Monday, March 29, 2010

Movie Log: Dangerous Beauty

The Wife and I are running through a period of seeing vaguely "sexy" period movies -- many of them set in Venice, which apparently is the Official European City of Smut for the entire early modern period -- and so we saw Dangerous Beauty a couple of weeks back.

It's the story of a young courtesan in 16th century Venice (Catherine McCormack as Veronica Franco), who turns to that life -- strongly urged by her ex-courtesan mother -- when she realizes the chance of marrying her love (Rufus Sewell as Marco Venier) are nil. Veronica becomes renowned at her arts, the lover of many of Venice's most powerful and rich men as well as an accomplished poet and court wit.

Eventually, of course, the Inquisition comes to town (after a battle with the Turks and subsequent outbreak of plague), and Veronica is put on trial. This leads to what seems to be the most obviously "Hollywood" moment of the movie -- but, according to some sources I've seen (which the reference the source of the movie, Margeret Rosenthal's biography The Honest Courtesan), it's what actually happened.

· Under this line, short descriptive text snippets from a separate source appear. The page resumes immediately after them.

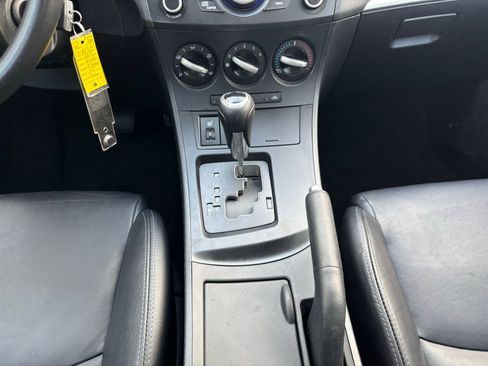 Used 2012 MAZDA MAZDA3 i Grand Touring w/ Tech Pkg image 24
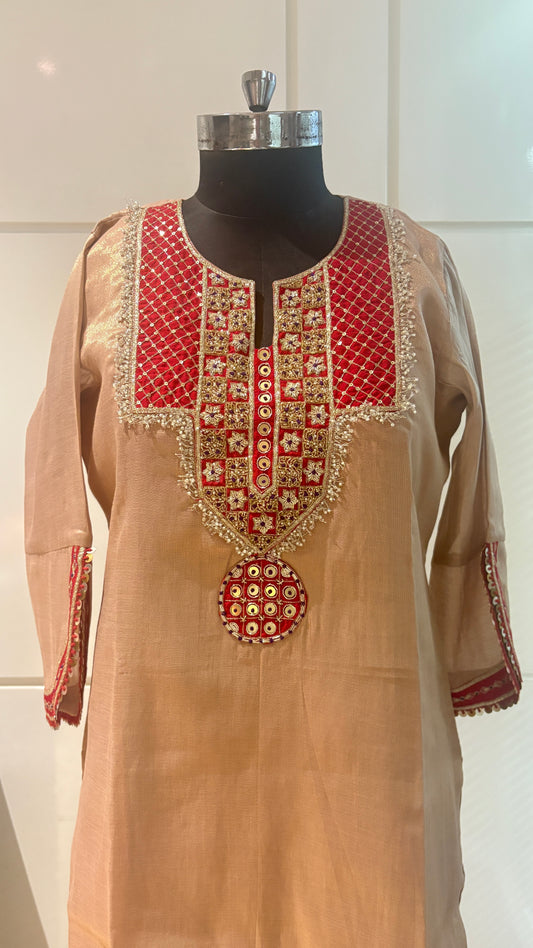 JHAALI ROSE GOLD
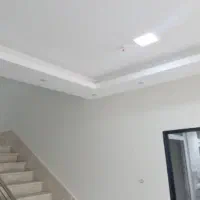 نقاش ساختمان و درب و پنجره و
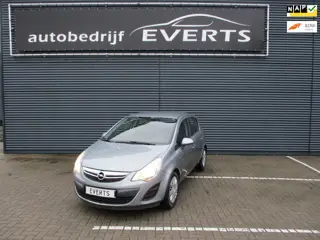 Opel Corsa 1.2-16V Edition Apk 03-12-2026 buitenzijde wat schaafjes van binnen netjes goed rijdend n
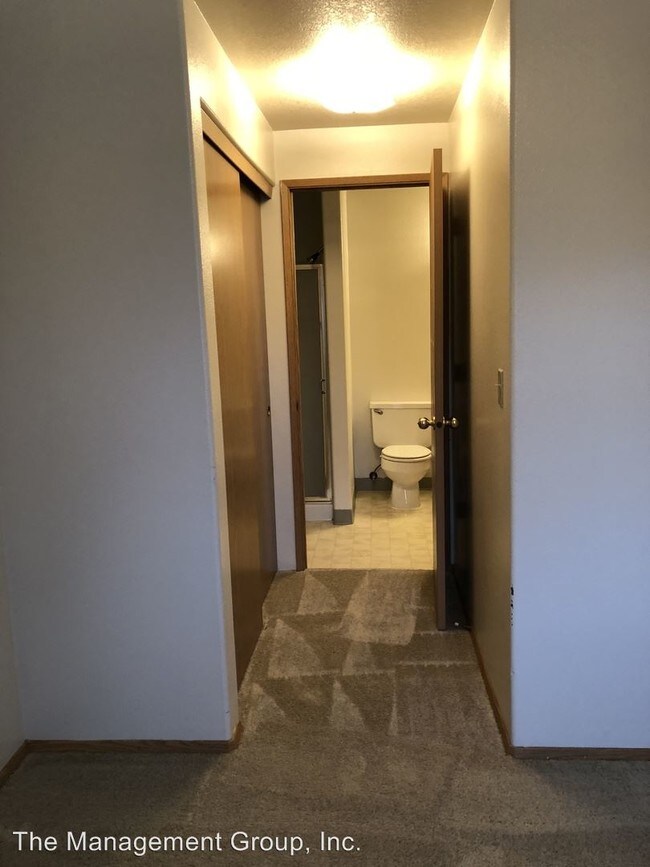 Foto del edificio - 1451 N Goerig St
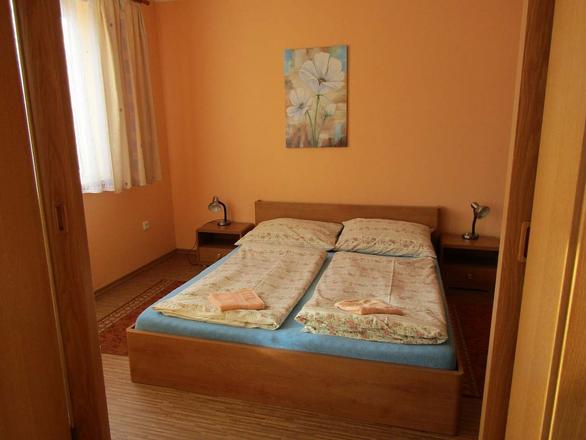 apartm&aacute;n TŘI druh&aacute; ložnice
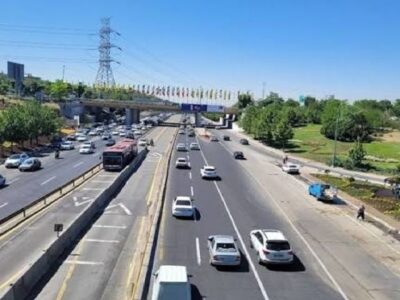 آغاز بهره‌برداری از خط جدید حمل‌ونقل همگانی در بزرگراه شهید چمران/ مسیر ویژه برای ون‌های مسافربری، تاکسی‌های برقی و اتوبوس‌ها فعال شد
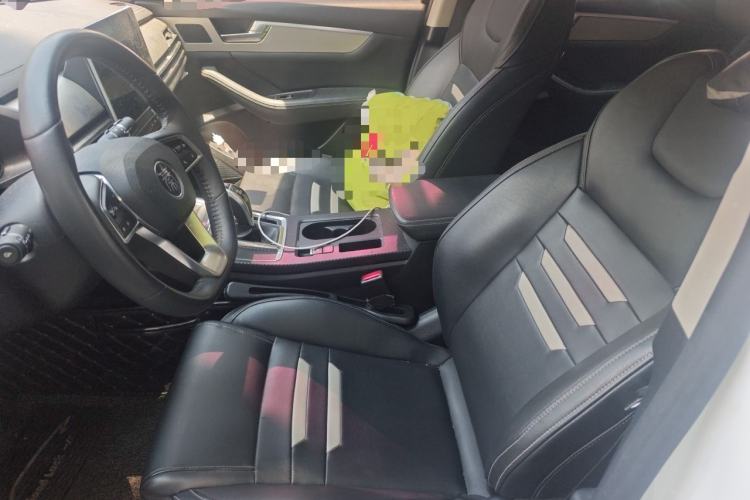 Used BYD Qin Pro 2019 Super Edition 1.5TI Automatic Smart Connect Dynamic Model China VI Standard Left Front Seat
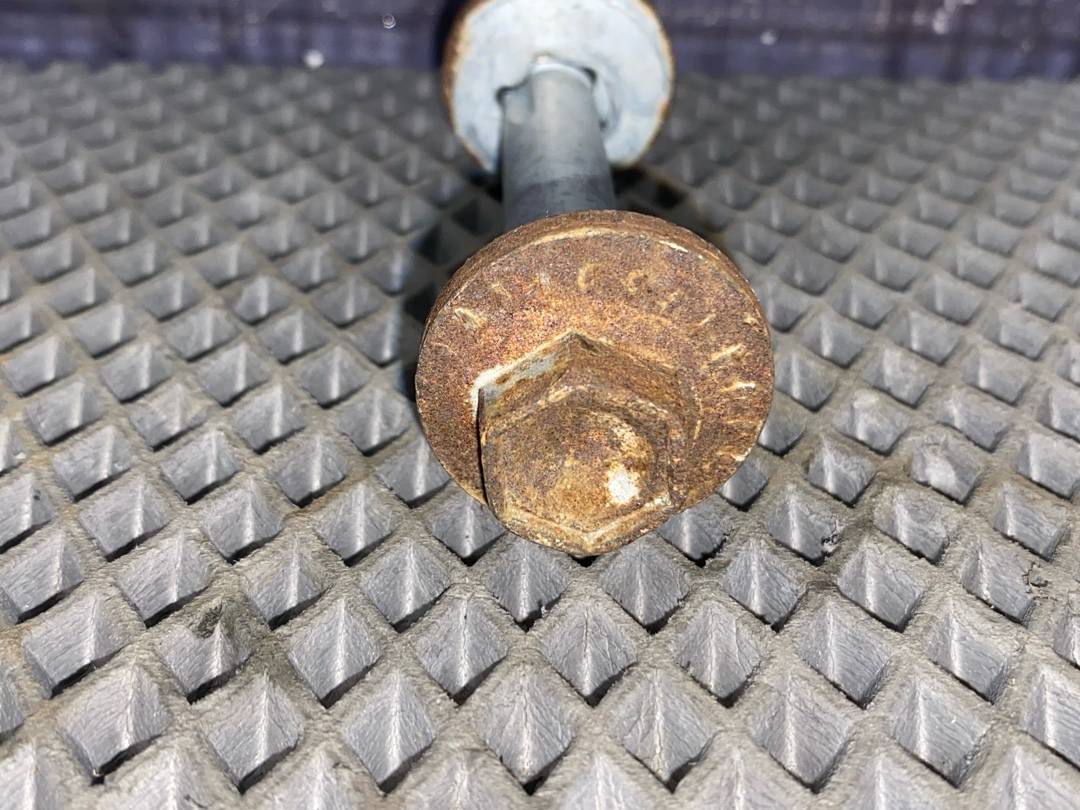 Болт развальный, 465 рублей, Красноярск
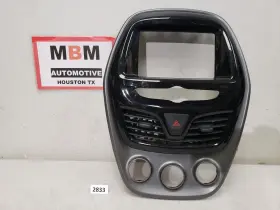 95409439 CHEVROLET Spark Dash Radio Ac Control Bezel
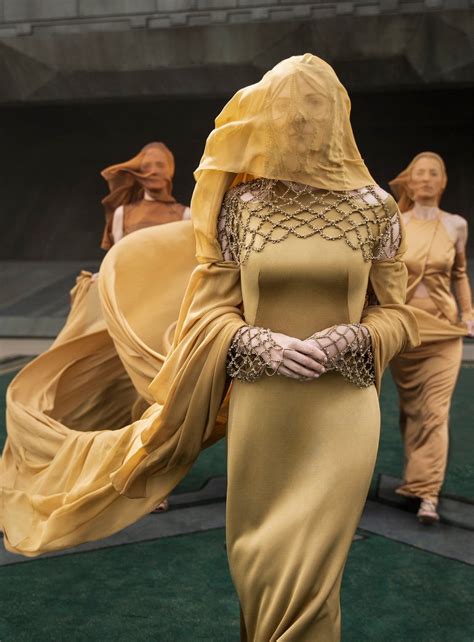 The Costumes Of Villeneuves Dune History Texture And Storytelling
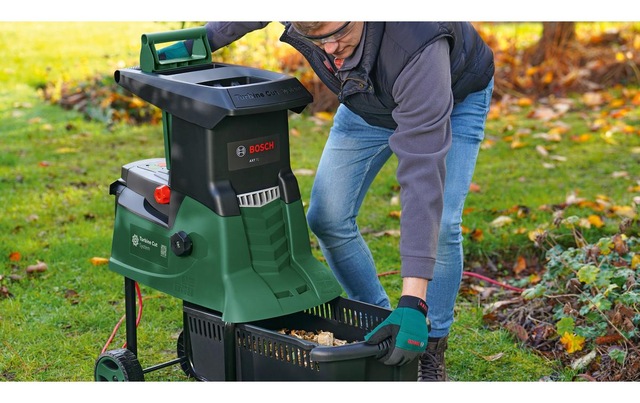 BOSCH Häcksler »23 TC«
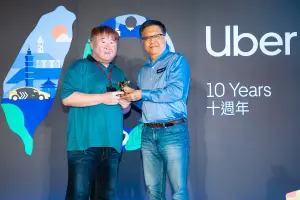 ▲賴柏榮以深夜交通安全為原則，於今年 Uber 「合作夥伴頒獎典禮」獲飛狗衛星合作車隊董事長陳寬宏頒發「深夜行程守護者」肯定。（圖／品牌提供）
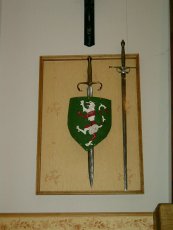 Панно щит и меч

Dangerous Beauty is a lightly feminist romance, dedicated to the proposition that a woman should have say in her own life and scope to be good at the things she does. It's only mildly smutty, in that sophisticated Merchant-Ivory style, but that's enough. And both McCormack and Sewell are quite attractive in this, which is the whole point of romantic historical movies. It's not a lost classic of cinema, but it's more historically true and interesting than Casanova (which we also saw recently).